= Dietrich Flade =

German lawyer and judge (died 1589)

Dietrich Flade (c. 1534 – 18 September 1589) was a German lawyer and judge who became one of the best-known victims of the Trier witch trials. He presided over at least eight trials as a judge until he, too, was arrested and executed for witchcraft.

== Early life and political career ==
Flade, born around 1534, was the son of Stadtschreiber (town clerk or secretary) Johann Flade. He studied law and married Barbara Reichwein, widow of the Trier personal physician to Elector John VII, herself originally from an influential Augsburg patrician family and who brought with her a sizeable dowry.. By 1559, Flade was an electoral councillor, or an advisor to the Electorate of Trier's government. That year saw Flade support the suppression of Trier's Protestant faction, led by Caspar Olevian, and their attempts to gain greater autonomy for Trier as a city.

In 1580, Trier's municipal government petitioned the Aulic Council to challenge the authority of Jakob von Eltz-Rübenach, Archbishop-Elector of Trier. If successful, the suit would have resulted in Trier becoming an imperial city, thus gaining independence from its elector. Flade supported Eltz-Rübenach in challenging the expensive legal suit, which ended in the municipal government losing and entering a period of economic depression.

Flade, however, was rewarded for his loyalty with appointments as a municipal judge and vice-governor of Trier. Trier's governor, Johann Zandt von Merl, quickly viewed Flade as a political rival.

During the early 1580s, Flade used his wealth to loan money to peasant farmers who had experienced crop failures. He subsequently developed a reputation for profiteering from the poverty of those who borrowed from him, and was described as "notoriously avaricious" by Johann von Schönenberg, who succeeded Eltz-Rübenach as Trier's elector. In 1586, he became rector of the University of Trier.

== Accusations of witchcraft ==
Trier experienced financial troubles in the early 1580s, partly due to crop failures and partly due to expenses incurred by the municipality during its suit against Archbishop-Elector Eltz-Rübenach. During this period of unrest, the city hosted successive witch hunts from 1581 to 1593, known as the Trier witch trials.

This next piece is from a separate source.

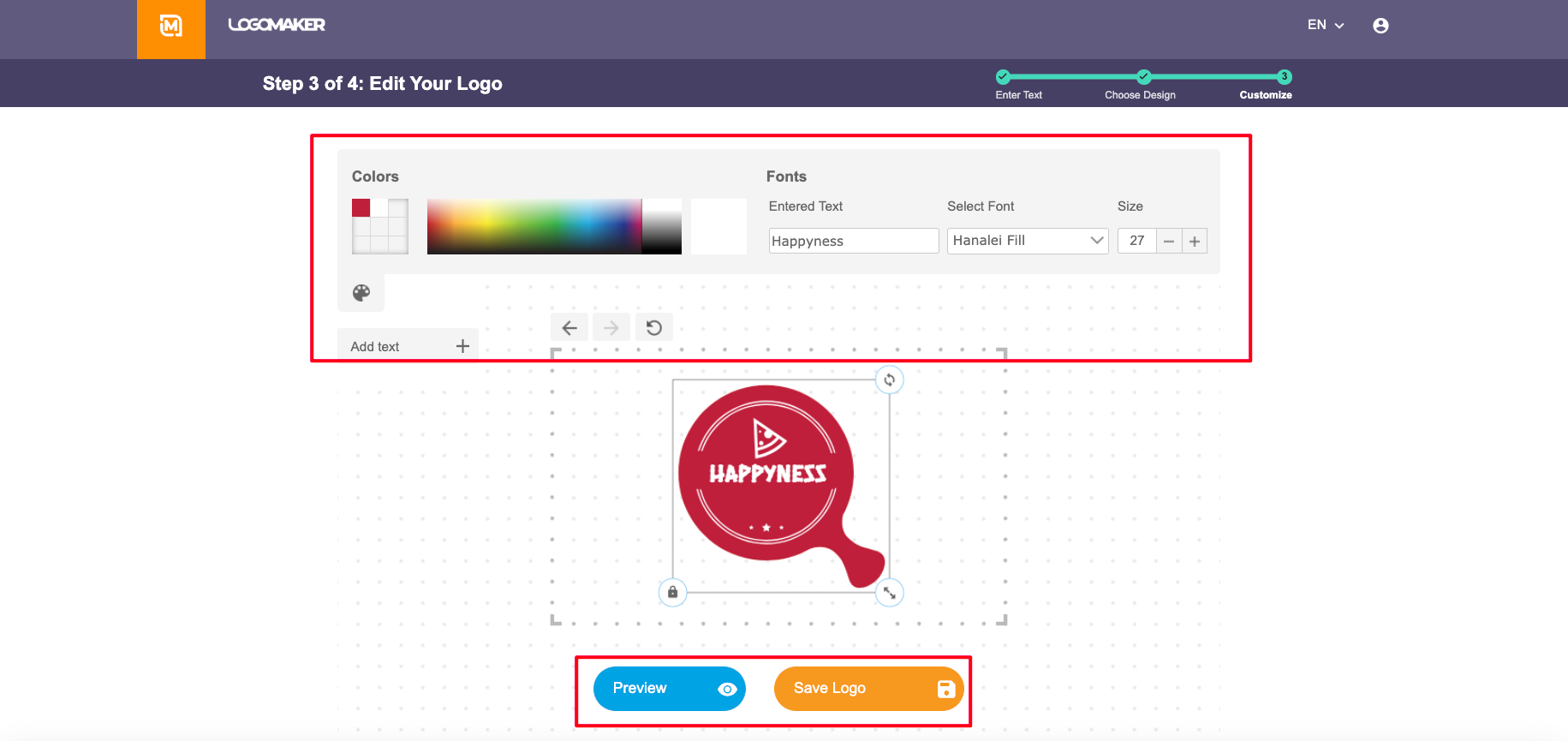 Customize and save your design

In early 1587, a teenage boy named Matthias underwent an exorcism after confessing to sorcery. According to Trier's governor Zandt, Matthias described encountering Flade at a Witches' Sabbath. Between July and October of that year, at least three different accused witches made similar accusations against Flade.

It is possible that these allegations were encouraged by Governor Zandt, owing to the power struggle between Zandt and Flade. Some historians posit that Flade was accused of witchcraft because, leery of the witch hysteria and of confessions obtained through torture, he had imposed more moderate sentences on accused witches than Zandt would have preferred. However, in the 1990s, historian Johannes Dillinger found records of trials over which Flade had presided which suggest, rather, that he had been a "keen witch hunter". Indeed, surviving records suggest that Flade sentenced at least eight women to death for witchcraft, and attempted to force the women to confess.

Rumours of Flade's alleged involvement in witchcraft spread throughout Trier, but Flade would not act until April 1588, when a woman named Margarethe von Euren similarly testified that she had encountered him at a Witches' Sabbath. She alleged he had beaten her for refusing to participate in cursing local crops. Flade sought permission from Governor Zandt to send three friends to question Margarethe but she maintained her story so strongly that one of his friends was unwilling to dismiss her entirely, stating: "[It] seemed as if the Devil spoke out of her".

== Arrest, trial, and execution ==
By September 1588, Flade was the subject of twenty allegations. Among his accusers were alleged witches who also owed Flade money. Flade attempted to flee Trier in October but was prevented from doing so by local authorities. A second attempt to flee (with Johann von Eltz, the commander of the Teutonic Knights in Trier) was thwarted when a mob followed and von Eltz returned Flade, forcing the latter to seek refuge in Trier's cathedral. While in hiding, he made a written appeal to Archbishop-Elector Johann von Schönenberg, offering to donate his property and to enter monastic life.

On 14 January 1589, Archbishop-Elector Johann von Schönenberg consulted the University of Trier's theological faculty regarding the accusations made against Flade. He believed Flade had only offered to donate assets due to a guilty conscience. By this time, twenty-three people who had been executed for witchcraft by various regional courts had named Flade as a witch. The theological faculty evaluated Flade's case and ultimately concurred with von Schönenberg's assessment.

Flade was arrested in April 1589, and his trial began in August. He confessed to the charges against him after being tortured, and was subsequently sentenced to death. He was publicly executed on 18 September 1589 by strangulation, after which his body was burnt.